Michelle Obama issues emotive parting message

Michelle Obama urged young Americans not to fear the future but fight for it, delivering an emotive farewell speech Friday in which she said being first lady was the greatest honor of her life.

After eight years in the White House, the 52-year-old will be leaving with her husband Barack Obama on January 20, when Donald Trump is sworn in as president.

"For all the young people in this room and those who are watching, know that this country belongs to you, to all of you, from every background and walk of life," she said in the East Room of the White House.

"Being the first lady has been the greatest honor of my life," she said at an event for School Counselor of the Year. "I hope I have made you proud."

As first lady, Obama focused her public role on encouraging healthy lifestyles, education for girls and in supporting military families.

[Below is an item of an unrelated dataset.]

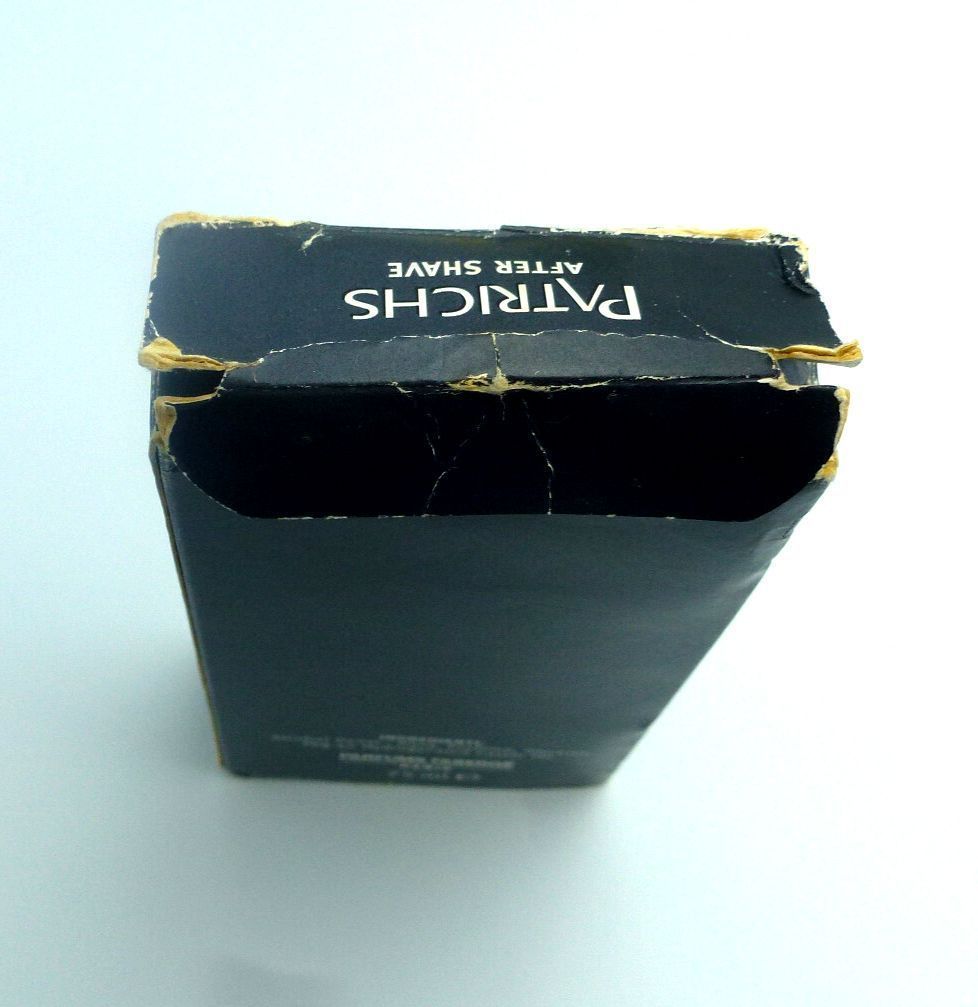 Patrichs Noir by Faberge - After Shave 75 ml (Vintage)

But it was as a role model for minorities that the first African-American first lady wielded the most influence -- most spectacularly by denouncing Donald Trump's attacks on immigrants and Muslims during the White House race.

"If you or your parents are immigrants, know that you are part of a proud American tradition," she told the audience. 

"With a lot of hard work and a good education, anything is possible, including becoming president. That's what the American dream is all about," she said.

"Know that religious diversity is a great American tradition too," Obama said. "Our glorious diversity is what makes us who we are."

- 'Don't be afraid' -

During last year's campaign Obama was a vociferous critic of Trump.

She made no direct reference to the president-elect Friday but the mogul's victory framed her remarks.

"You cannot take your freedom for granted," Obama said. "You have to do your part to protect and preserve those freedoms."

"So don't be afraid -- you hear me young people? Don't be afraid, be focused, be determined, be empowered... lead by example, with hope, never fear."

In a speech delivered in New Hampshire in October, a few weeks before the election, the first lady had denounced, her voice trembling with emotion, what she called Trump's "frightening" attitude towards women.

"It has shaken me to my core in a way that I couldn't have predicted," Obama said, in a takedown of the now president-elect that sent shockwaves around the country and beyond.

"This is not normal. This is not politics as usual. This is disgraceful. It is intolerable," she charged.

In addition to her work combatting obesity and assisting veterans' families, over the last two years Obama has spoken more pointedly on questions of race and inequality in American society.

A recent Pew Research poll found that 72 percent of Americans hold a favorable opinion of the first lady.

But despite her political superstar status and a reputation for style, wit and tact, Obama has repeatedly said she has no electoral ambitions herself.

"Michelle will never run for office," Barack Obama reiterated in an interview several weeks ago. "She is as talented a person as I know. You can see the incredible resonance she has with the American people.

"But I joke that she's too sensible to want to be in politics."